> [What the task requires] Pictures are to be left out, and only the lines from the one containing "Luxurious Vintage Gold" through the last line of the data are to be returned exactly.

> [Data excerpt]
========
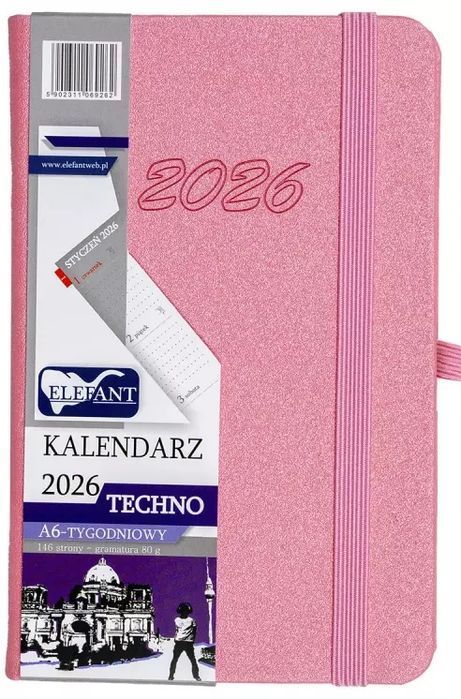 Kalendarz 2026 A6 tygodniowy Techno, różowy. Elefant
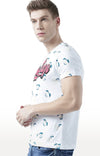 Huetrap White Mens Short Sleeve Graphic Printed Tshirt-HT17MKGRAWHT00704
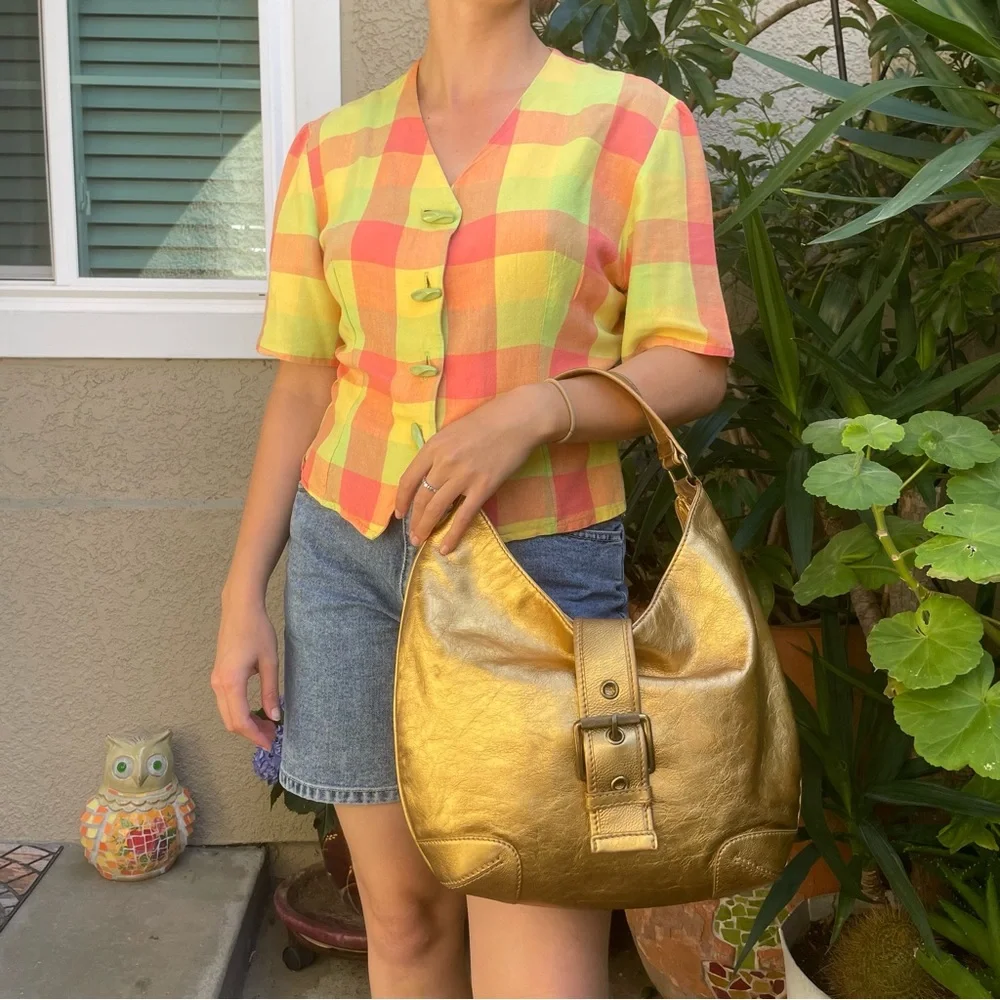 Luxurious Vintage Gold Michael Kors Hobo Leather Bag with Shimmery Finish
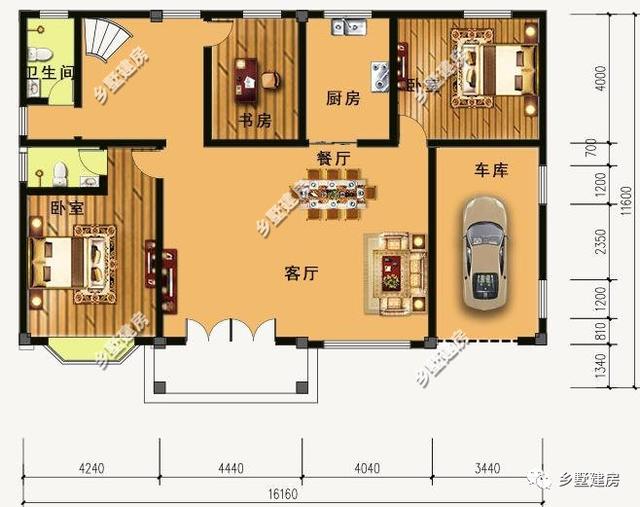 二層農村別墅圖，自帶陽臺車庫，飄窗造型更是質樸與時尚的結合，你心動了嗎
========
> [Response area]
 Luxurious Vintage Gold Michael Kors Hobo Leather Bag with Shimmery Finish
 二層農村別墅圖，自帶陽臺車庫，飄窗造型更是質樸與時尚的結合，你心動了嗎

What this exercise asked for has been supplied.